**What is required**. Below are records with pictures; copy word for word only the lines between the line with "Shadow Box Display" and the line with "A panel discussion", inclusive, and drop the pictures.

Caption-style text data
········

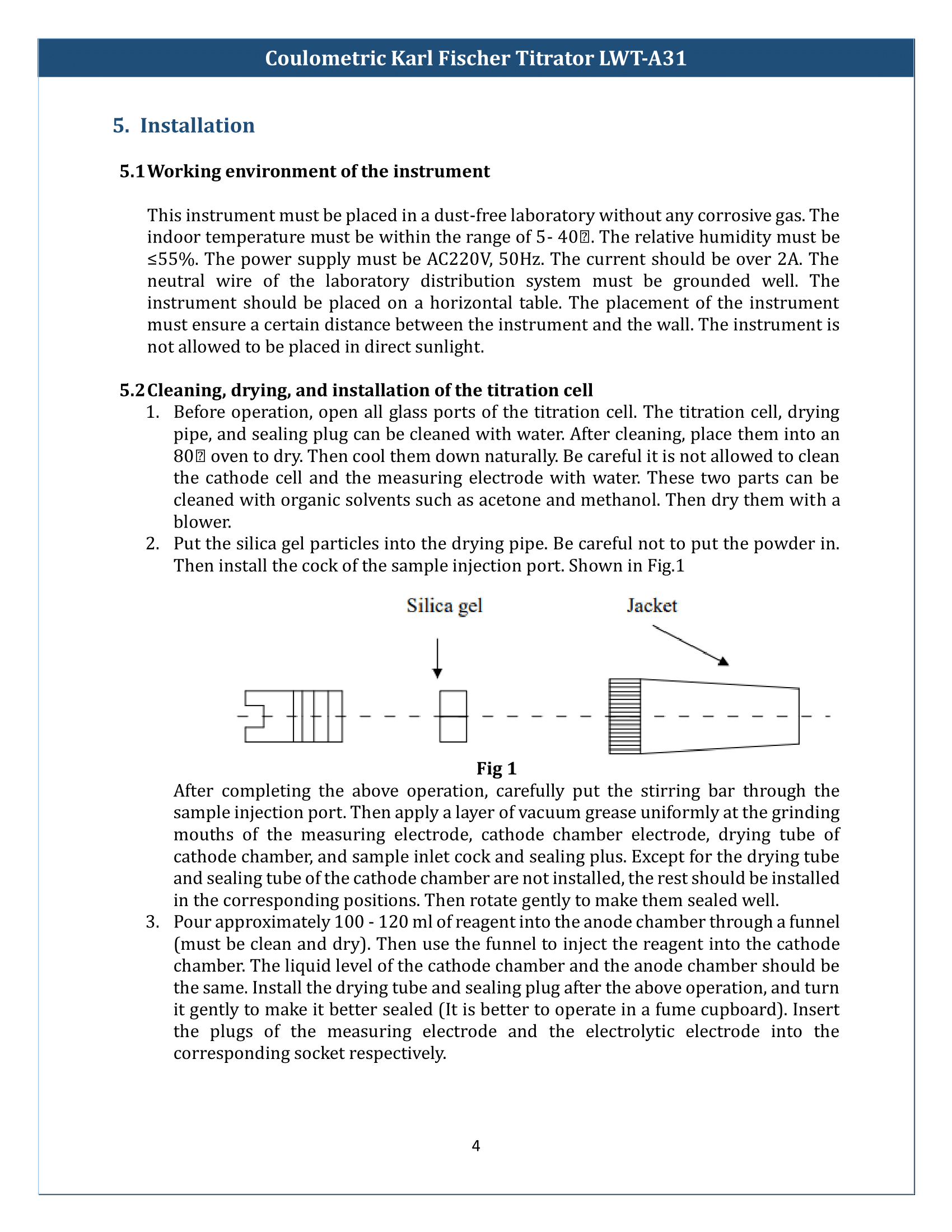 Coulometric Karl Fischer Titrator LWT-A31 Manual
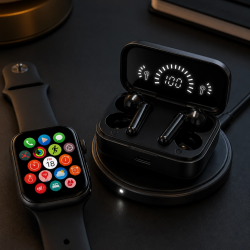 Mey İthalat® Spor ve Günlük Kullanıma Uygun Akıllı Saat ve Bluetooth Kulaklık Seti Yüksek Performans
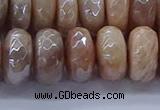 CMS1325 15.5 inches 7*14mm faceted rondelle AB-color moonstone beads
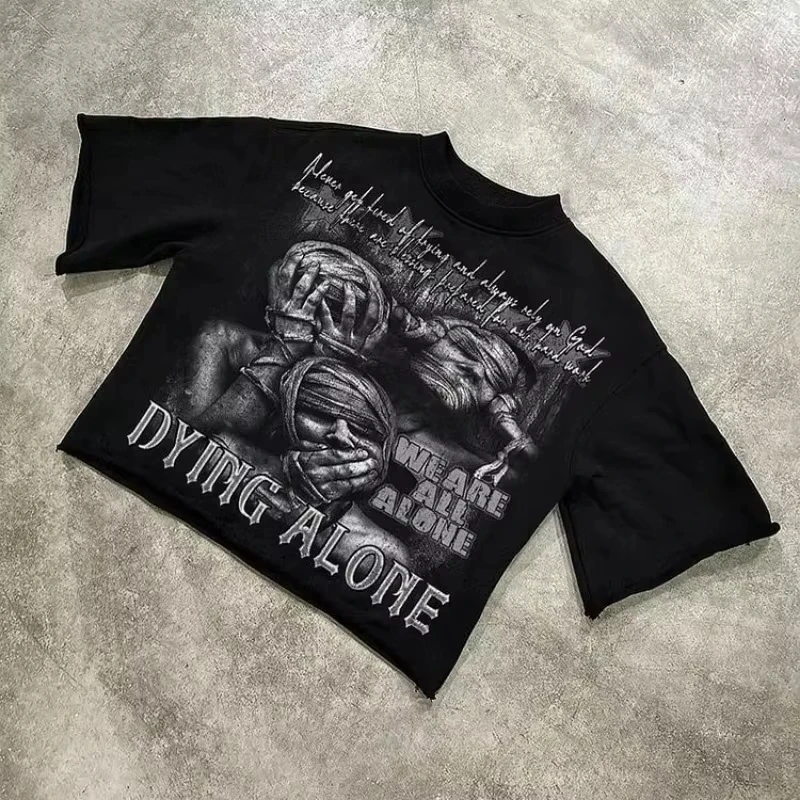 We Are All Alone Abstract Human Face Graphics Printed Cotton T-Shirt Men Y2K Short Sleeves Oversize vintage t shirt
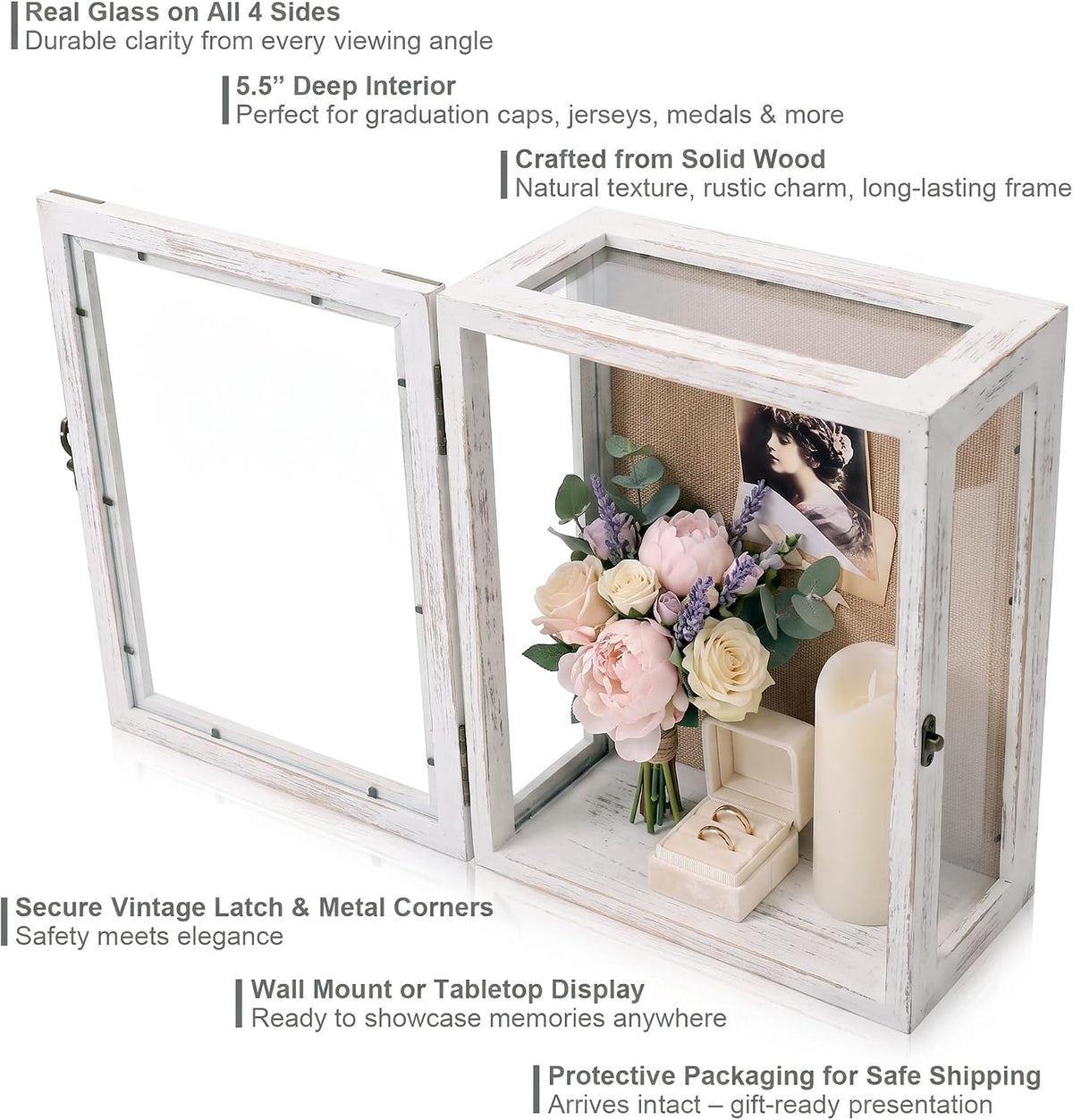 Shadow Box Display Case 11x14 Deep with Glass on 4 Sides, White Solid Wood Memory Box with 6.2" Overall Depth, Wall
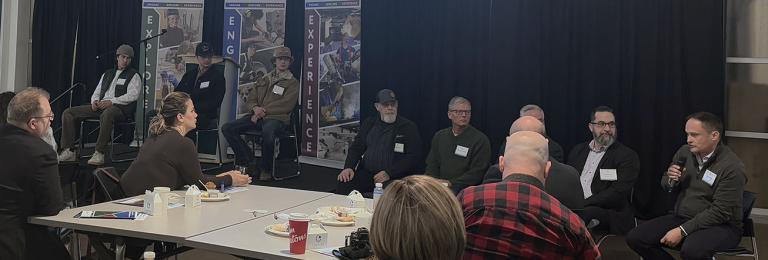 A panel discussion comprised of Central Alberta Collegiate Institute (CACI) students, partner members and industry representatives was part of an information session about CACI held on January 24, 2025
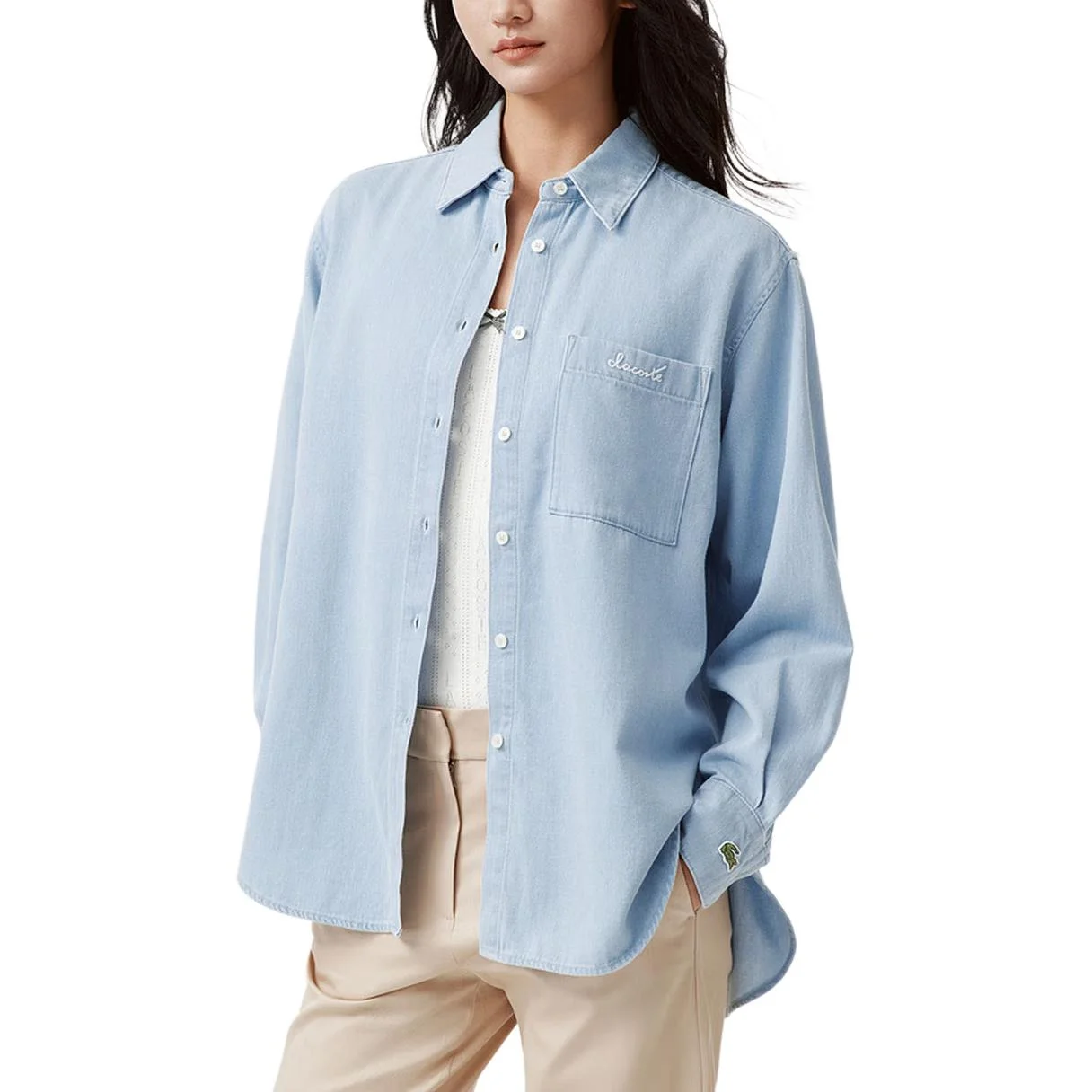 Рубашка женская LACOSTE 1GF/Light Indigo с лацканом — фото 3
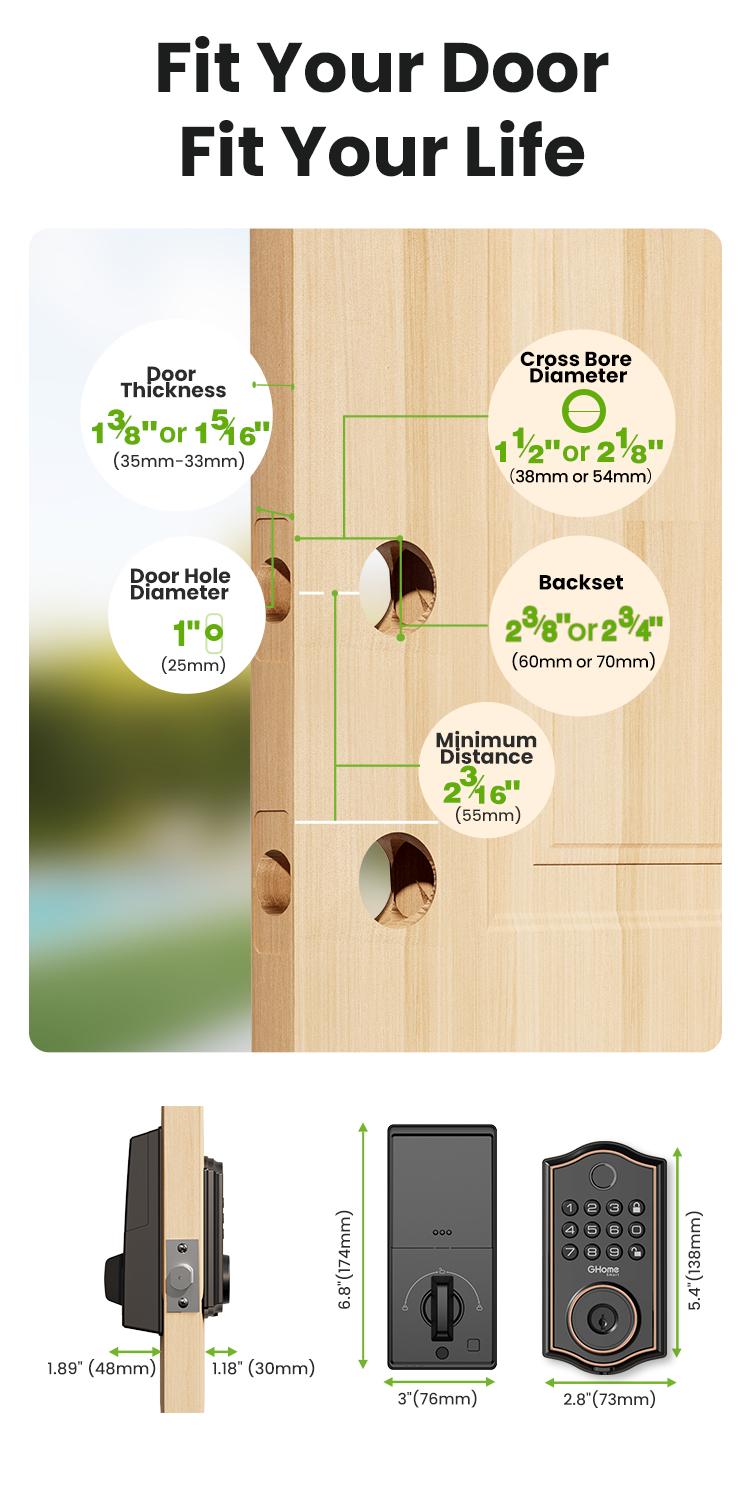 GHome Smart Fingerprint Door Lock, 4-in-1 Keyless Entry Deadbolt, App-Assisted Control, 6-Month Battery Life  KD30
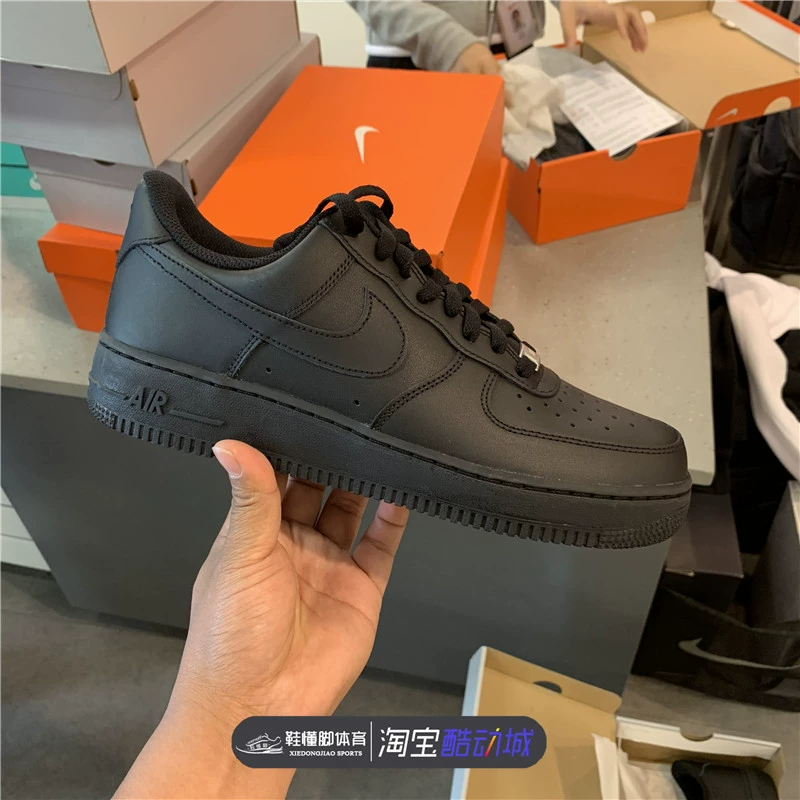 Nike Nike Air Force 1 Air Force Số 1 giày nam màu đen thuần khiết Giày thông thường 315122-001 - Dép / giày thường giày sneaker nữ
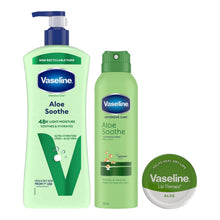 Load image into Gallery viewer, Vaseline Aloe Soothe Care Bundle Lotion 600ml, Spray 190ml &amp; Lip Therapy 20g Set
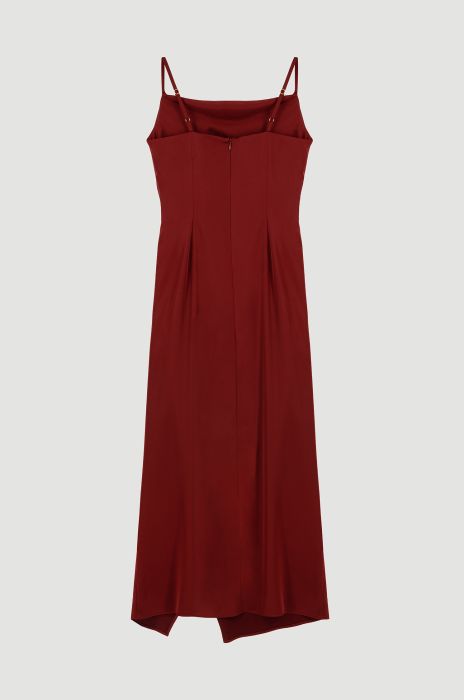 Drapowana sukienka z satynowej tkaniny Solar Obraz 5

········

**Response to the task**.
 Shadow Box Display Case 11x14 Deep with Glass on 4 Sides, White Solid Wood Memory Box with 6.2" Overall Depth, Wall
 A panel discussion comprised of Central Alberta Collegiate Institute (CACI) students, partner members and industry representatives was part of an information session about CACI held on January 24, 2025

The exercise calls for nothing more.